**Task item:** Produce word for word the lines of the data below running from the one that has "2020 Toyota Tundra SR5 Grade photo 21" to the one that has "Кинселла - фото №1", inclusive, and no others.

**Data extracts:**
====

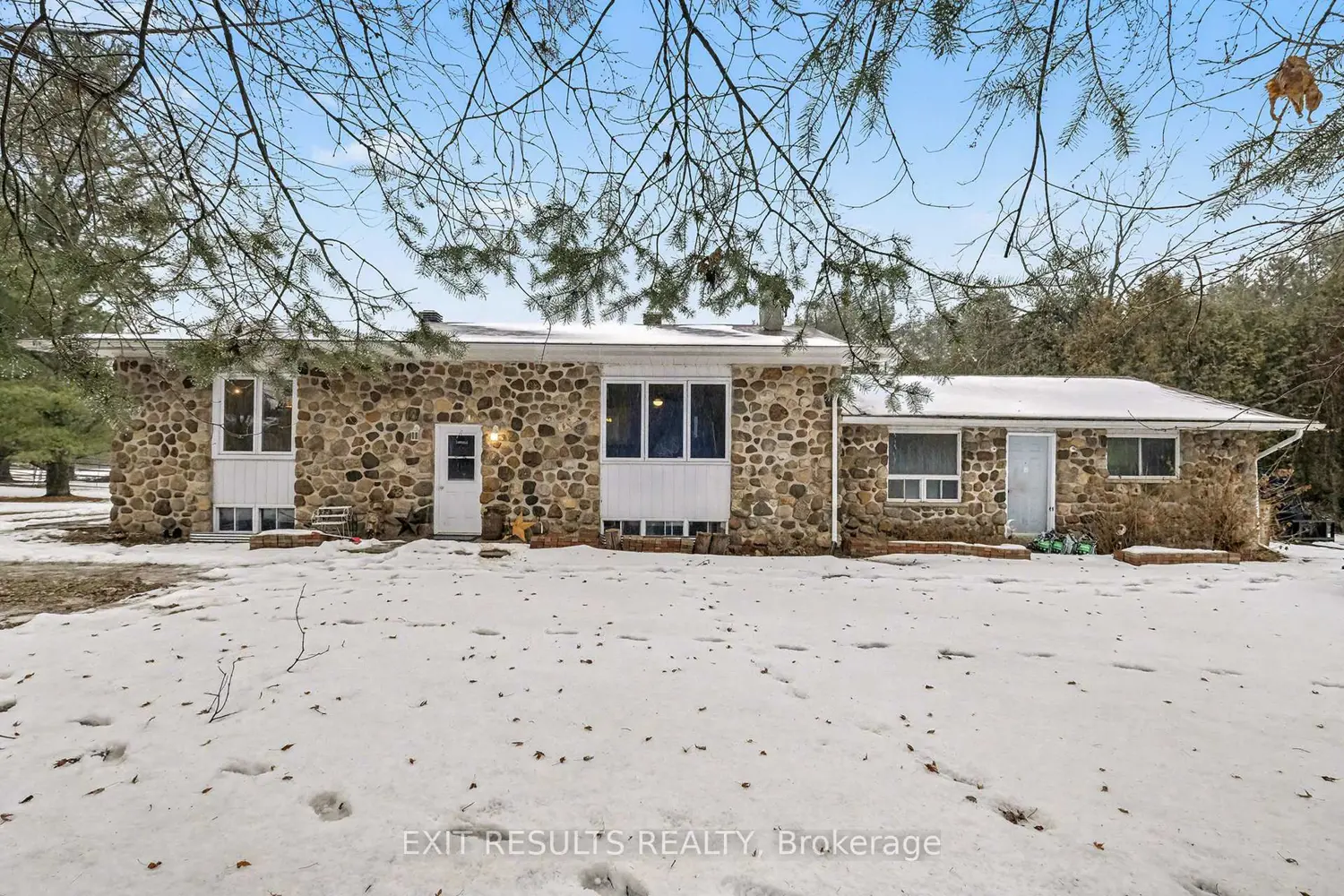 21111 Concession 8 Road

====

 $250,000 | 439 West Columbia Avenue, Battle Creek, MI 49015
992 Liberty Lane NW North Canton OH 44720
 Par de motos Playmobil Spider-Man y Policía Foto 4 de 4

====

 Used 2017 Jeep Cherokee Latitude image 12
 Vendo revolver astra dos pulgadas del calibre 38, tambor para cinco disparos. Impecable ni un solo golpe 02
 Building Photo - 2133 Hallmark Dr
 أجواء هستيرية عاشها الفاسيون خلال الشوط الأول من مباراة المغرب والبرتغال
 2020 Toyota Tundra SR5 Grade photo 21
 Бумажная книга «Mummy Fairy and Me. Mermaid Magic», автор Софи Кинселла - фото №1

====

**Response to the exercise:**
 2020 Toyota Tundra SR5 Grade photo 21
 Бумажная книга «Mummy Fairy and Me. Mermaid Magic», автор Софи Кинселла - фото №1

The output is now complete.